Reasons to become an agile web designer. # 2 More enjoyable work

In the last video I argued that selling websites as commodities was outdated because:

  • The “build it and they will come” approach is rarely considered an effective online marketing strategy.
  • Most web designers are using platforms (like WordPress) that need to evolve.

Here, I am looking at how traditional project management can also make work unnecessarily miserable.

If it wasn’t for those meddling clients

Complaints about clients are familiar and age old:

  • Vague requests for changes and too many of them.
  • Not providing usable content on time.
  • Failing to recognise expertise or undoing good work.
  • Requesting unexpected features.
  • Asking for things that are bad for user experience.
  • Expecting too much for the budget etc.

These are often cited as the reasons our peers stop doing client work. They leave designers feeling overworked and undervalued.

Some turn to sales gurus who sell the secret of charging more for the same thing.

Although this helps some, it does not address the wider problem. If the client’s initial investment is not aligned with the returns (as with agile approaches) the designer’s gain comes at a greater risk to the client.

It can also lead to good clients being prematurely written off as “cheap” for needing proof rather than promises.

Doing the same thing and expecting a different outcome

The problem with traditional project management is that it fixes the cost of customer satisfaction on the “end deliverable”.

This is a demanding proposition for even the most simple and objectively understood product.

With modern web design this is compounded as the value is no longer with the site itself, but the design.

Our industry has matured beyond selling hand coding HTML brochure sites to creating “delightful user experiences” that generate leads through an understanding of the users psychologies and by responding to social change.

A website can be subjectively critiqued, but design is mostly invisible.

Putting the focus on the end deliverable diverts the client from appreciating what good designers do.

If the client places complete trust in the designer and leaves them to it. The designer gets a limited insight into the business they are representing and is isolated. The client can’t see how to evolve the work done. It gets undone.

If a less trusting client gets involved they may try to direct the design or elicit the opinions of third parties. We get “design by committee” with the designer demoted to pixel pusher. It is done out of fear because we set an arbitrary deadline where the website is supposedly “done” and their budget gone.

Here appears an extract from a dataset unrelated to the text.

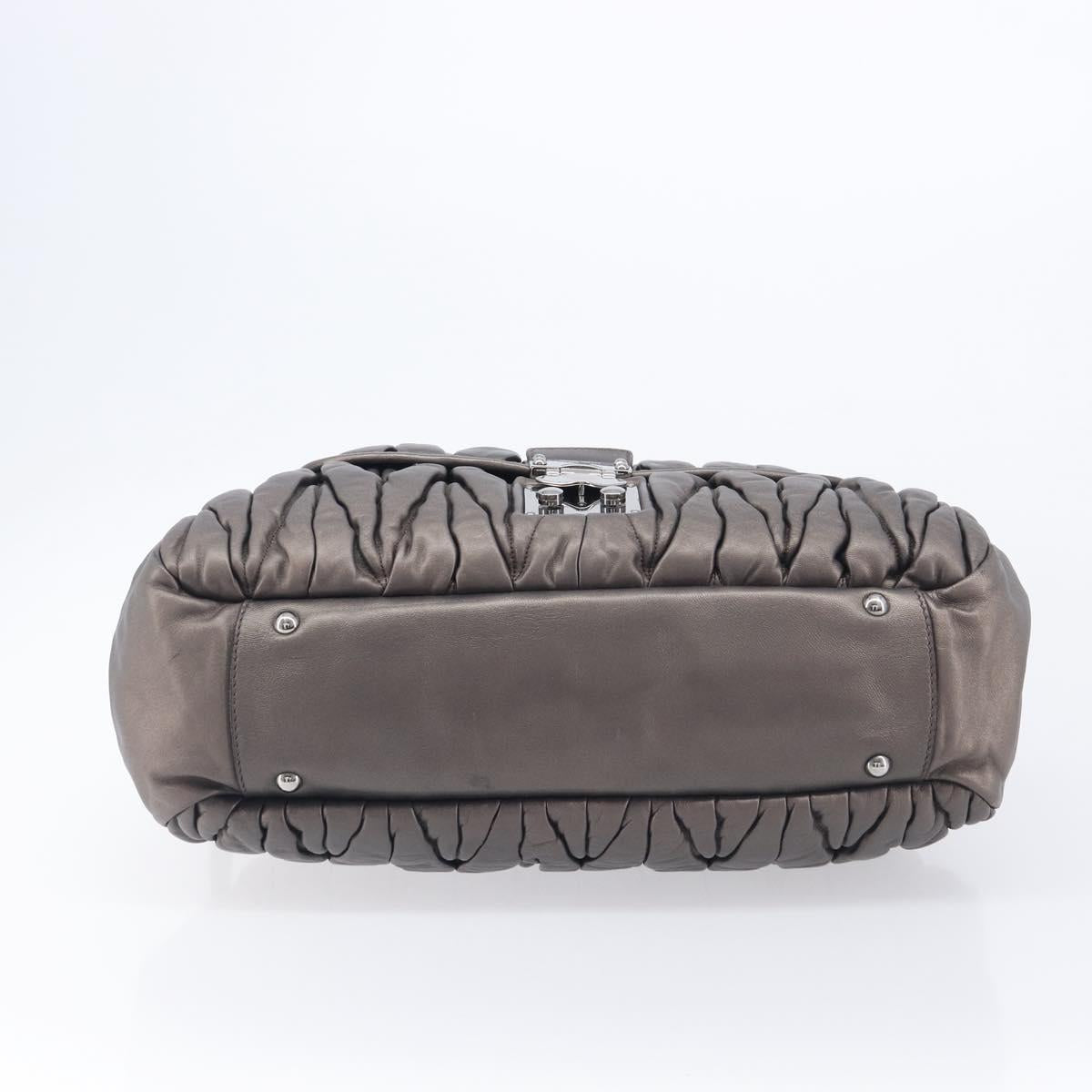 Miu Miu Matelasse Hand Bag Leather Gray Silver Auth 207068A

If the client is trusting and engaged it’s likely they will begin to see opportunities that go beyond the original scope.

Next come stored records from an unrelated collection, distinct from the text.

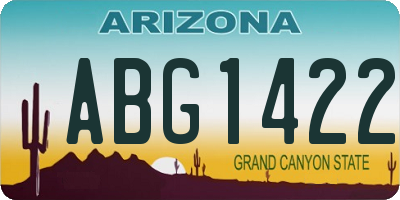AZ license plate ABG1422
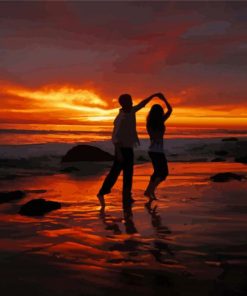 Dancing Couple In The Beach Silhouette Diamond Paintings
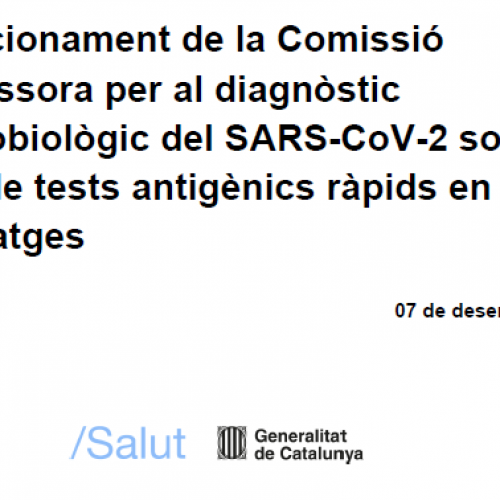 Informe de Posicionamiento sobre el uso de tests antigénicos rápidos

This is ideal for the agile designer, but is a failure for the traditional designer who now has to choose between doing extra work or negotiating the contract.

The Agile Mindset

It’s hard to dispute that agile is not the way forward for work in the interconnected digital era, but the implementation of agile methodologies can be.

Agile Burnout can be a problem in Scrum where iterative sprints leave staff feeling like they are on a hamster wheel. The problem is “Agile” is big business and companies buy agile tools and processes and forget the power is in the four core values.

Agile-Hamster-Wheel

 

Let’s finish up by looking at these:

Individuals and interactions over processes and tools.

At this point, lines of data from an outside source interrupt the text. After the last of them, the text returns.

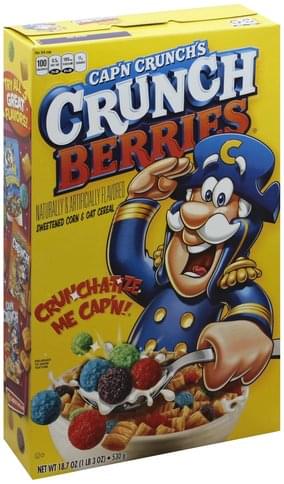 Capn Crunch Sweetened Corn & Oat, Crunch Berries Cereal - 18.7 oz ...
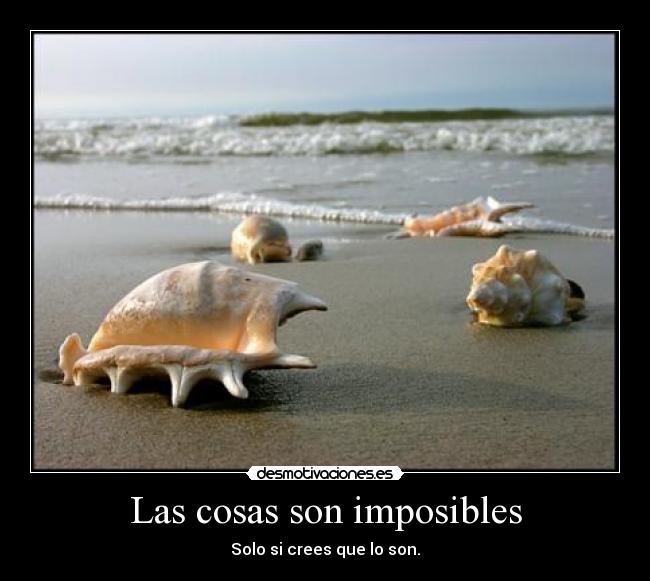 Las cosas son imposibles - Solo si crees que lo son.
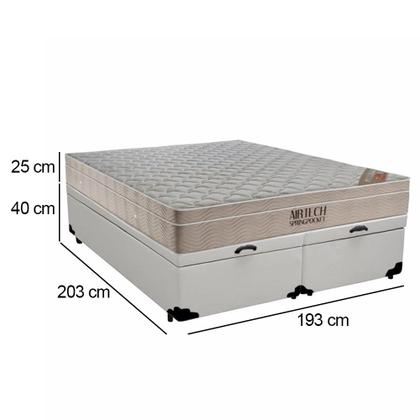 Imagem de Cama Box Baú King Sintético Bipartido + Colchão Ortobom Airtech Molas Ensacadas 193x203x65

This reminds us to think about who we are working with. If we want our clients to take us seriously as UX designers it should probably start with them.

I’m sure I am not the only one to make the mistake of forcing clients to learn project management tools and processes I bought or copied in order to feel “professional”. It did the opposite and created friction.

The same was true of patronising exercises handed out to clients for “discovery” purposes. Assigning business owners homework like children tends not to level up the interaction even if the questions are sound.

Working software over comprehensive documentation

Translating this for web design it means get something out that can be field tested.

I have been involved in vanity projects that have gone on for 3+ years behind coming soon pages. Endless opinion based revisions untested against business aims leaves everyone drained.

They could have had a home page with contact form a place earning a place in SERPs, providing some data and potentially earning in just days.

Customer collaboration over contract negotiation

This is about pooling skills and knowledge and moving forward together rather than setting up “us than them” divisions.

Clients have insights into their business and audience. We have the knowledge to translate that into engaging design, but neither of us know in advance how this will play out.

We can demonstrate our expertise by showing we understand the consideration and by encouraging testing. We can undermine this by claiming to have all the answers.

Responding to change over following a plan

In my last post I used the analogy of a website as front of house staff that have to learn and respond to the customers.

But even before a site is live, UX and SEO considerations appears as projects progress even without formally doing research. It only needs one tester or new knowledge of a competitor to throw out plans. It should be expected and welcomed.

Most of the friction with clients goes when they are investing on the basis of evidence. We can’t overwork if we are timeboxing rather than chasing a moving target.